▶ WHAT IS NEEDED
Instruction for the entries that follow: retype exactly the lines from the line with "ION EXPLORER OUTBACK" to the line with "立白 天然茶籽洗衣液 9斤", both included, and omit all others.
*** DATASET EXCERPTS Section Begins ***
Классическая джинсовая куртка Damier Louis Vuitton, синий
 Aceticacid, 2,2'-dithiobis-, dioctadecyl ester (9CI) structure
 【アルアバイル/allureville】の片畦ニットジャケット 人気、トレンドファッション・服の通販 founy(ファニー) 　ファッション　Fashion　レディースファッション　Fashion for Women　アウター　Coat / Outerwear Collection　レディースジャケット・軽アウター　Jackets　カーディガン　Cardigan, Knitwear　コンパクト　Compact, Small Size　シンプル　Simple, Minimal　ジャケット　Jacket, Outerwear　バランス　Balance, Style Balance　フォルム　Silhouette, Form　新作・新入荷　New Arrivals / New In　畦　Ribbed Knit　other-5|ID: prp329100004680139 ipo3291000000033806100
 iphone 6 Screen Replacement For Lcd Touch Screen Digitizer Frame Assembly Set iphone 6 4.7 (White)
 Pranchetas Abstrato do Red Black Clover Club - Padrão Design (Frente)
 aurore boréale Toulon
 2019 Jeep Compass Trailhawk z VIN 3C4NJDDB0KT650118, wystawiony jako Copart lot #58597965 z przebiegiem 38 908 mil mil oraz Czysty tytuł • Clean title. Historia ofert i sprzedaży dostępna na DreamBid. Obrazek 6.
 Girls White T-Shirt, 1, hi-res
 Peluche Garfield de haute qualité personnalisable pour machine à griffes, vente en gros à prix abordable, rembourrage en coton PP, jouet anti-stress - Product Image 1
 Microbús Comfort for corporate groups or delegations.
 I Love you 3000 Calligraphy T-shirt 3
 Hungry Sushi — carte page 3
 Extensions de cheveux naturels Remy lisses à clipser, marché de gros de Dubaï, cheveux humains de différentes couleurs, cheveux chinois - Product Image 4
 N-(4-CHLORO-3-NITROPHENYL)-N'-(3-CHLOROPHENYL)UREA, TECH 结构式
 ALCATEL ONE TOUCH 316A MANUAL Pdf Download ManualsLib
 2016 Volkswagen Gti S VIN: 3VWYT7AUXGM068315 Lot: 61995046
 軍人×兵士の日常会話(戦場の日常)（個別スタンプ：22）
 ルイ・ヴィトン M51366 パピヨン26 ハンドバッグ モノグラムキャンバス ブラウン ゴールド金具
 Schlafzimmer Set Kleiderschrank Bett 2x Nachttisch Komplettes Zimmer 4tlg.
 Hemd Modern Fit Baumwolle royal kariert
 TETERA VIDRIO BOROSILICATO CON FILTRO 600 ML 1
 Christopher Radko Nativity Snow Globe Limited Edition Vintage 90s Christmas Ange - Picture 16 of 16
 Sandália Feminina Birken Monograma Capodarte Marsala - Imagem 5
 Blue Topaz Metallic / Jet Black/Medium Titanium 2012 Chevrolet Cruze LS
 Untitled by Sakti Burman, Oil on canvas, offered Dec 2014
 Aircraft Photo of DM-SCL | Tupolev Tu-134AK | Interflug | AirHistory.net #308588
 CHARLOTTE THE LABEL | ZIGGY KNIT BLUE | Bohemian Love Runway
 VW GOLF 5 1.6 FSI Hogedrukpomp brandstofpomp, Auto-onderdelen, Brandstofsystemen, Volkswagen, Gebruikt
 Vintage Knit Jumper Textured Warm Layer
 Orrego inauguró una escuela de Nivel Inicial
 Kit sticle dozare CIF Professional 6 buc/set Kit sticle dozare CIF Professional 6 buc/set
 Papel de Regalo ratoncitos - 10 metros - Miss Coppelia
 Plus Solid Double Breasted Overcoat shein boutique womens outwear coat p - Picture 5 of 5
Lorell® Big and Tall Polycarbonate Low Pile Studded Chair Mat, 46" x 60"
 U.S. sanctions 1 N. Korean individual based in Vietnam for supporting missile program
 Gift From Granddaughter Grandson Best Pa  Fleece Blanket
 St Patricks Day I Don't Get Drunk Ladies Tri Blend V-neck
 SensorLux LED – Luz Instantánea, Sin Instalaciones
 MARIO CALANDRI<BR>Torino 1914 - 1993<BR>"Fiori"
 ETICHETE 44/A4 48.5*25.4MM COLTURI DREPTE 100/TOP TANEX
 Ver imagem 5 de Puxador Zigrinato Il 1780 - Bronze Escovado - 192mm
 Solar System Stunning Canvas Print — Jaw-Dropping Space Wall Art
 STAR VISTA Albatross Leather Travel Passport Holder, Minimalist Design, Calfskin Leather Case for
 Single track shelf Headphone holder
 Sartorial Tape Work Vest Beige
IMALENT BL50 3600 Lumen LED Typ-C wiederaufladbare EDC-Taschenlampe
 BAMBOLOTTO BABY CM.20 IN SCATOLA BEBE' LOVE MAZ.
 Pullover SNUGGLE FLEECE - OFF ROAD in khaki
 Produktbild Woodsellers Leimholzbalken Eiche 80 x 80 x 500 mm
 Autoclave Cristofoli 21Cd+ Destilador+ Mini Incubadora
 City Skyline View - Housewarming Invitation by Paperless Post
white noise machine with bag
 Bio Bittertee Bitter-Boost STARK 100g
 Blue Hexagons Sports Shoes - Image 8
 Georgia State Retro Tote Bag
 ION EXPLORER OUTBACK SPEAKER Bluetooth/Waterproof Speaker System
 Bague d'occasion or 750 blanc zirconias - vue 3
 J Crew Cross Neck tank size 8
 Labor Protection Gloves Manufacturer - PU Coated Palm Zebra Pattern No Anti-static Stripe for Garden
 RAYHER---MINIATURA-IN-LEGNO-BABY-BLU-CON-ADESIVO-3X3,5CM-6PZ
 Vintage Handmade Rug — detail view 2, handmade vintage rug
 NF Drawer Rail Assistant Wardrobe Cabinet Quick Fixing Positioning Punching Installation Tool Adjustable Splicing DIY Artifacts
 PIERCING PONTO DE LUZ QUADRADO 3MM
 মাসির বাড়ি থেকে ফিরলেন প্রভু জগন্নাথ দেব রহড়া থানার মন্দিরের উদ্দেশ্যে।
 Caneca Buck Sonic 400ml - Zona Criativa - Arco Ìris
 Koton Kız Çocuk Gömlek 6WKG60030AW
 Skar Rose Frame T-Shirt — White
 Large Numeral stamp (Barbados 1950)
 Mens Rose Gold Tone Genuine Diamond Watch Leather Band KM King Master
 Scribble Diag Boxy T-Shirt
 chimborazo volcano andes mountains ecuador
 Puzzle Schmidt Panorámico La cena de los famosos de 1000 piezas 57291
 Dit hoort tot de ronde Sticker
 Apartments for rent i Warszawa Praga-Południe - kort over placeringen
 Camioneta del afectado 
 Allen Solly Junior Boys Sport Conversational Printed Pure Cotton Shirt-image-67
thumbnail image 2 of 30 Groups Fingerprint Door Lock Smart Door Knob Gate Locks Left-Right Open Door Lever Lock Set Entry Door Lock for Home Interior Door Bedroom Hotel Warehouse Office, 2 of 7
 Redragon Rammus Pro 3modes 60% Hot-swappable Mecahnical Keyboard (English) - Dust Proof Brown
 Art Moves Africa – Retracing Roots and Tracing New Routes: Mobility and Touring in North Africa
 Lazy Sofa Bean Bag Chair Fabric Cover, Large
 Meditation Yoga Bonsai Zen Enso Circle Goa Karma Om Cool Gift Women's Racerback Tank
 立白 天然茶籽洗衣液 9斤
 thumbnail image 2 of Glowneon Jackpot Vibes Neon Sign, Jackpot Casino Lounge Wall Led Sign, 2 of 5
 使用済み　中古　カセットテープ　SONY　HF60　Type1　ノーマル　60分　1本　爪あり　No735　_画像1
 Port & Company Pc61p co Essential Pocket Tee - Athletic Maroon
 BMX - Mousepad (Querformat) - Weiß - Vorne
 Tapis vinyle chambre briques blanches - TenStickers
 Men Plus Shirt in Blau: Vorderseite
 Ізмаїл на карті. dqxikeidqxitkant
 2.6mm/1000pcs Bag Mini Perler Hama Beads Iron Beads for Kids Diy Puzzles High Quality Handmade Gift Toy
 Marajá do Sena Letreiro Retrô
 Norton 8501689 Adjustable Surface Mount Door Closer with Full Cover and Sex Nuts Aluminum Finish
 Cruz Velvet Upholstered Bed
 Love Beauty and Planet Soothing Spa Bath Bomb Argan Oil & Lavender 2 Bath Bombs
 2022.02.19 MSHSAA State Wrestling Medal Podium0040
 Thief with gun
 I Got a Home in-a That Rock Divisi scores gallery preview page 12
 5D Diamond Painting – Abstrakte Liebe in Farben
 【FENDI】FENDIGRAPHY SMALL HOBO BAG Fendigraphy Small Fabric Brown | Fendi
*** DATASET EXCERPTS Section Ends ***
▶ RESPONSE
 ION EXPLORER OUTBACK SPEAKER Bluetooth/Waterproof Speaker System
 Bague d'occasion or 750 blanc zirconias - vue 3
 J Crew Cross Neck tank size 8
 Labor Protection Gloves Manufacturer - PU Coated Palm Zebra Pattern No Anti-static Stripe for Garden
 RAYHER---MINIATURA-IN-LEGNO-BABY-BLU-CON-ADESIVO-3X3,5CM-6PZ
 Vintage Handmade Rug — detail view 2, handmade vintage rug
 NF Drawer Rail Assistant Wardrobe Cabinet Quick Fixing Positioning Punching Installation Tool Adjustable Splicing DIY Artifacts
 PIERCING PONTO DE LUZ QUADRADO 3MM
 মাসির বাড়ি থেকে ফিরলেন প্রভু জগন্নাথ দেব রহড়া থানার মন্দিরের উদ্দেশ্যে।
 Caneca Buck Sonic 400ml - Zona Criativa - Arco Ìris
 Koton Kız Çocuk Gömlek 6WKG60030AW
 Skar Rose Frame T-Shirt — White
 Large Numeral stamp (Barbados 1950)
 Mens Rose Gold Tone Genuine Diamond Watch Leather Band KM King Master
 Scribble Diag Boxy T-Shirt
 chimborazo volcano andes mountains ecuador
 Puzzle Schmidt Panorámico La cena de los famosos de 1000 piezas 57291
 Dit hoort tot de ronde Sticker
 Apartments for rent i Warszawa Praga-Południe - kort over placeringen
 Camioneta del afectado 
 Allen Solly Junior Boys Sport Conversational Printed Pure Cotton Shirt-image-67
thumbnail image 2 of 30 Groups Fingerprint Door Lock Smart Door Knob Gate Locks Left-Right Open Door Lever Lock Set Entry Door Lock for Home Interior Door Bedroom Hotel Warehouse Office, 2 of 7
 Redragon Rammus Pro 3modes 60% Hot-swappable Mecahnical Keyboard (English) - Dust Proof Brown
 Art Moves Africa – Retracing Roots and Tracing New Routes: Mobility and Touring in North Africa
 Lazy Sofa Bean Bag Chair Fabric Cover, Large
 Meditation Yoga Bonsai Zen Enso Circle Goa Karma Om Cool Gift Women's Racerback Tank
 立白 天然茶籽洗衣液 9斤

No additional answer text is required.